Segment Open
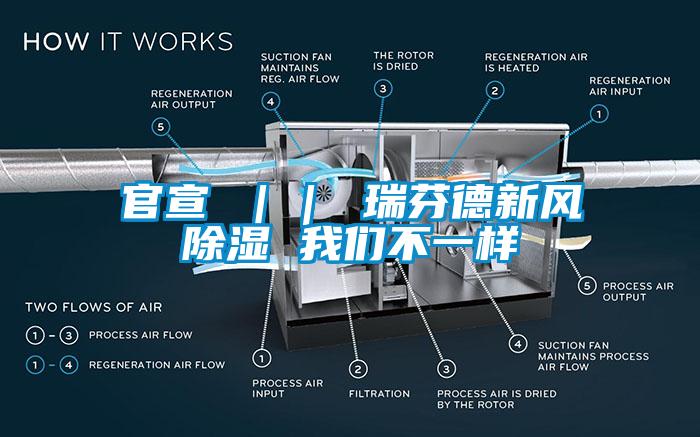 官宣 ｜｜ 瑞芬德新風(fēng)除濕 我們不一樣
Segment Closed
Segment Open
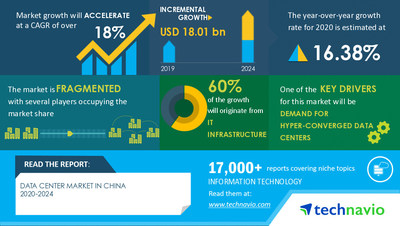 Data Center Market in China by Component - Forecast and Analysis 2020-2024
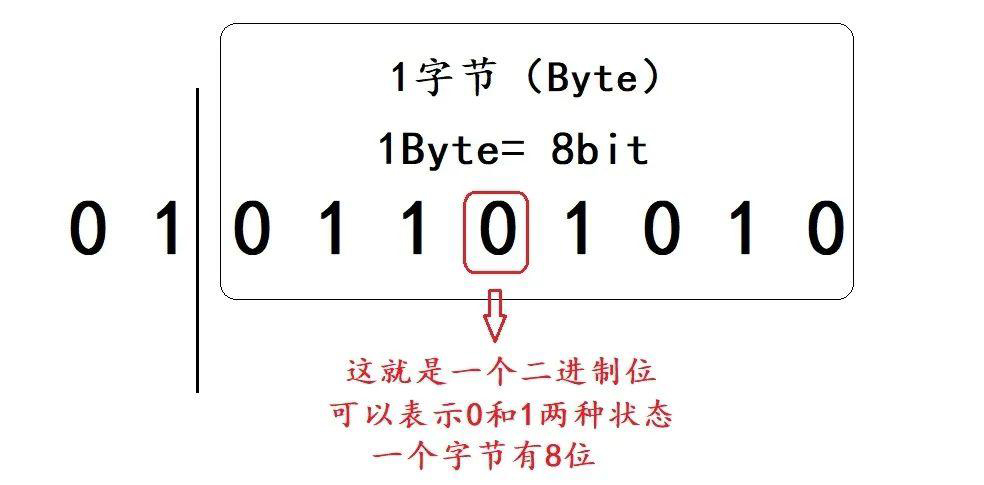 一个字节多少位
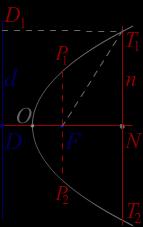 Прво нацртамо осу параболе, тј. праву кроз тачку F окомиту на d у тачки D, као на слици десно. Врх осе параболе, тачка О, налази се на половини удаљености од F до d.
Segment Closed
| WHAT YOU HAVE TO DO |
From the records above, copy only the lines running from the line containing "Data Center Market" to the line containing "Прво нацртамо осу", both ends included. Leave the pictures out.

| ANSWER AREA |
 Data Center Market in China by Component - Forecast and Analysis 2020-2024
 一个字节多少位
 Прво нацртамо осу параболе, тј. праву кроз тачку F окомиту на d у тачки D, као на слици десно. Врх осе параболе, тачка О, налази се на половини удаљености од F до d.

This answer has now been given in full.